In Paul's own day, for example, that meant that the Christians in Corinth were called upon to share some of their resources with the folks around Jerusalem who were living through a famine (see more about that later in the Corinthian epistles). Following Jesus had a certain trajectory to it, which would lead Christians to give toward others' need rather than hoarding for themselves alone.  Or when it came to including Gentile foreigners (non-Jewish people) into the church, Paul again was convinced that the character of Jesus was the definitive reason why all were now to be welcomed rather than just people from one language, nation, or culture.  Paul was convinced that the way of Jesus really did--and still does--give us the clarity to shape our perspective in the world.  It leads us always to compassion rather than cruelty, always to answer with good rather than evil, always to heal rather than to wound, and always to lay down our lives rather than to take the lives of others.

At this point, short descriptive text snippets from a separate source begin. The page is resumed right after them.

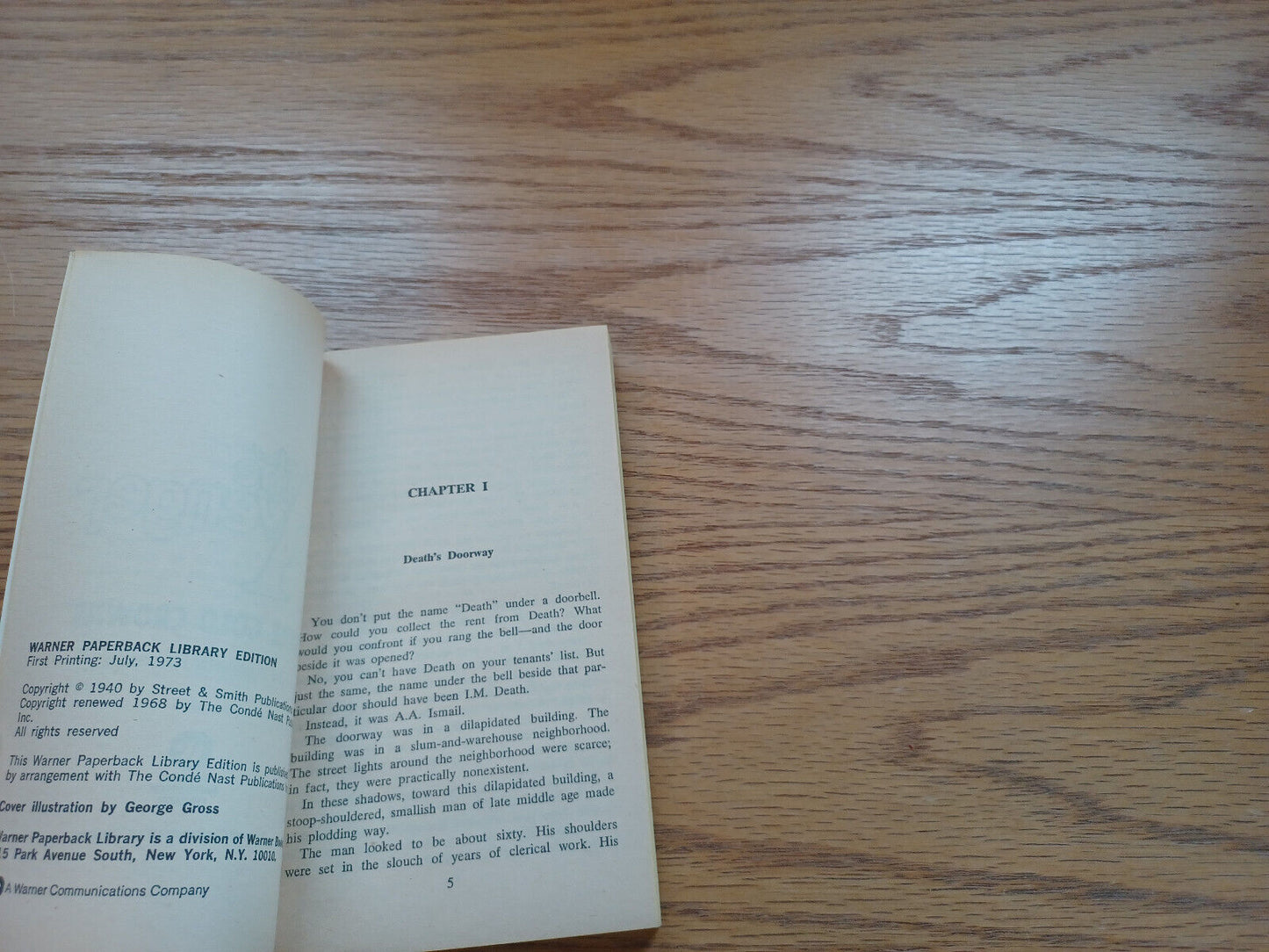 The Avenger The Gold Crowns By Kenneth Robeson 1973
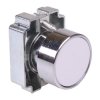 Techna PtecMetPNWhite White Flush Push Button Switch Metal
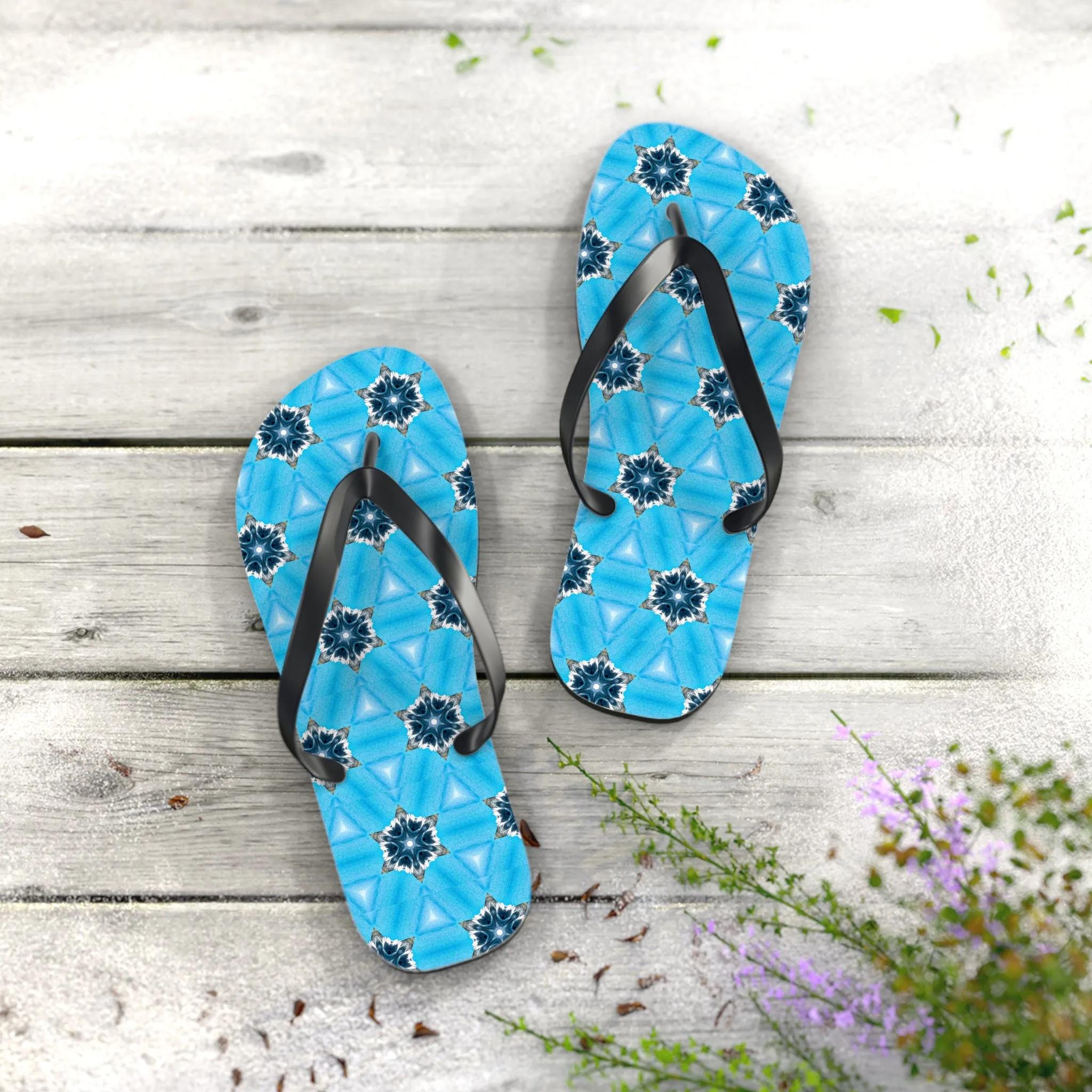 Blue Diamond Flip Flops for Women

That will help us as we face the events of any given day to know what truly fits with the perspective of Jesus... and what does not.  

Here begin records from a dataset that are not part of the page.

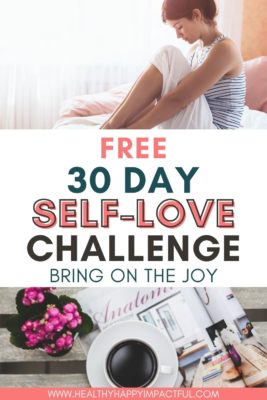 30 day self-love challenge pin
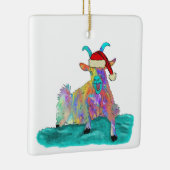 おもしろい叫び声を上げるクリスマスのヤカラフルギ セラミックオーナメント (右)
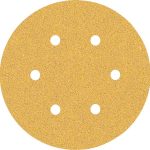 Hartie abraziva EXPERT C470 cu 6 orificii pentru slefuitoare orbitale cu excentric 150 mm, G 60, 5 buc.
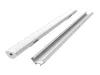 LED line PRIME sarokba illeszthető LED profil szett fehér - opál fedlappal, rögzítőkkel és végzárókkal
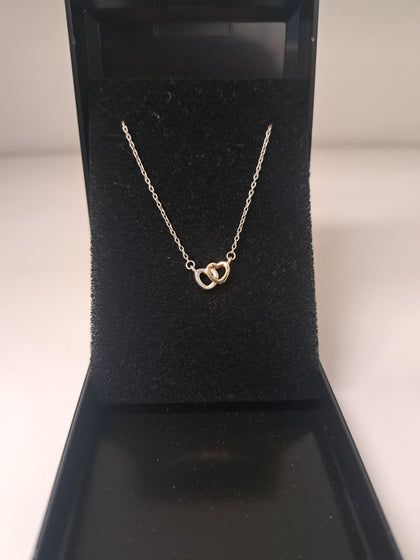 Pandora Two-Tone United in Love Entwined Hearts Necklace - Great Yarmouth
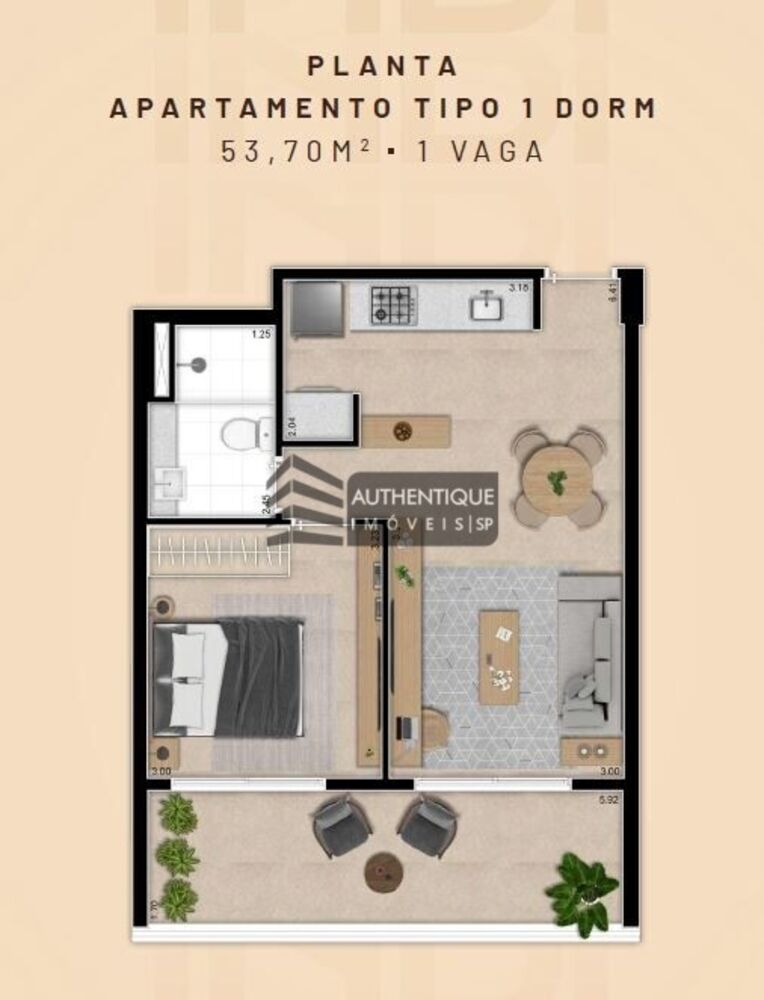 Apartamento, 1 quarto, 45 m² - Foto 29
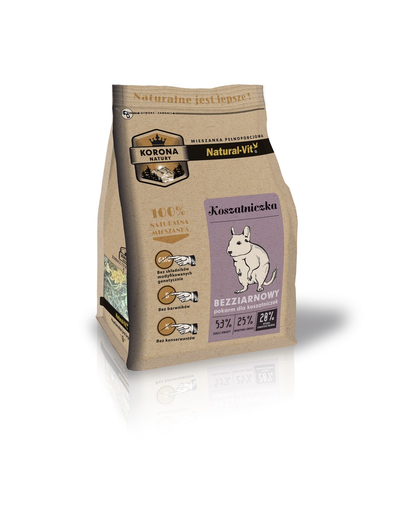 NaturalVit Korona Natury Hrana Pentru Veverite Degu 2X750 G + Recompense Pentru Rozatore Si Iepuri 200 G Gratis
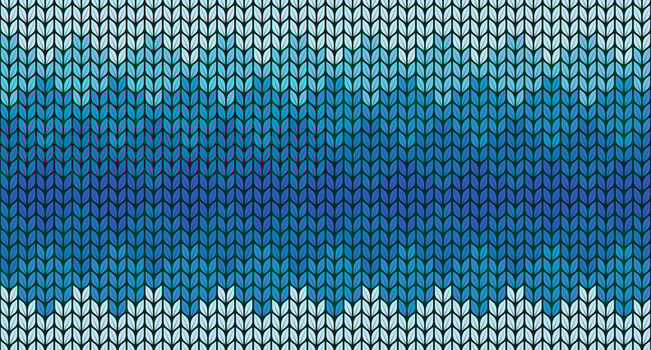 Knitted seamless pattern color seawater. colorful knitted textures. Vector illustration.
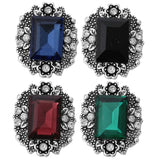 6pcs Metal Snap Jewelry Crystal Button 18mm Snap Bracelets Bangles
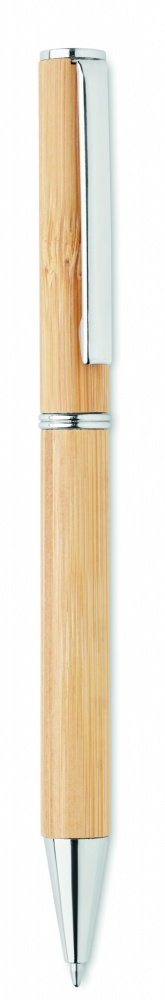 Logo trade promotional items picture of: Bamboo twist type ball pen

Paul reminds us that it is the particular person of Jesus Christ through which we see the meanings of events and decide how to act within them.  And Paul sure does seem to believe that the particularity of Jesus really can give us the guidance to make sense of the world without being fragmented into countless feuding factions.  The question we might need to ask--and to keep asking, day after day and generation after generation--is how the perspective of Jesus frames the way we will see the day before us.  Rather than starting with what the talking heads on television tell me I should believe about an event or a headline and then looking for ways to slap a cross on it, we are called to start with the kind of love Jesus embodies and to let that become the lens through which we see.  Paul is convinced it really will make a difference to let Jesus be the place we start from. I won't pretend that is always easy, or that simply invoking the name of Christ will make our disagreements vanish into thin air like a magic spell. But I do believe, and with Paul I think, that the particular character of Jesus really does give us direction for making sense of the world if we are willing to see all of life through his lens.  

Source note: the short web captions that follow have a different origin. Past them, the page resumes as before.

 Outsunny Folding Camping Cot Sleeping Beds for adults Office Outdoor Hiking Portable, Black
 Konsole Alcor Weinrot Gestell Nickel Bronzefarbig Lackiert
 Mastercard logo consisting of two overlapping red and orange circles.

And because Paul gives us the witness of his own time when the church struggled through division, we know that this isn't merely a naive wish.  It is possible to do the hard work of seeing life through the lens of Jesus.  It is possible to find common ground where we are, if we are willing both to ask how folks who see things differently from us are trying to act in light of the way of Jesus, and if we are willing to ask that hard question of ourselves.  Sometimes the people we have the sharpest disagreements with really are trying to live out of their faith, and they have latched onto a different element of our Christian heritage. Even if we don't see eye to eye, it does make a difference to see that others are doing their best to try to follow Jesus.  From there, we can ask the deeper questions of what values are priorities for Jesus, and which things are secondary or on the periphery for him.  But it does something to humanize those we struggle with the most to ask, "How did you get to this conviction?" and for those who share our faith in Christ to ask, "Help me to see how you see your faith in Christ leading you to this conclusion?" When we can listen and answer that question ourselves, at least we are starting in the right place.

Lord Jesus, we long for clarity in the midst of the many kinds of disagreements and divisions among us--and the stakes are very high.  Give us the humility to listen, the courage to speak, and the willingness to let you shape our common vision in the light of your particular way in the world.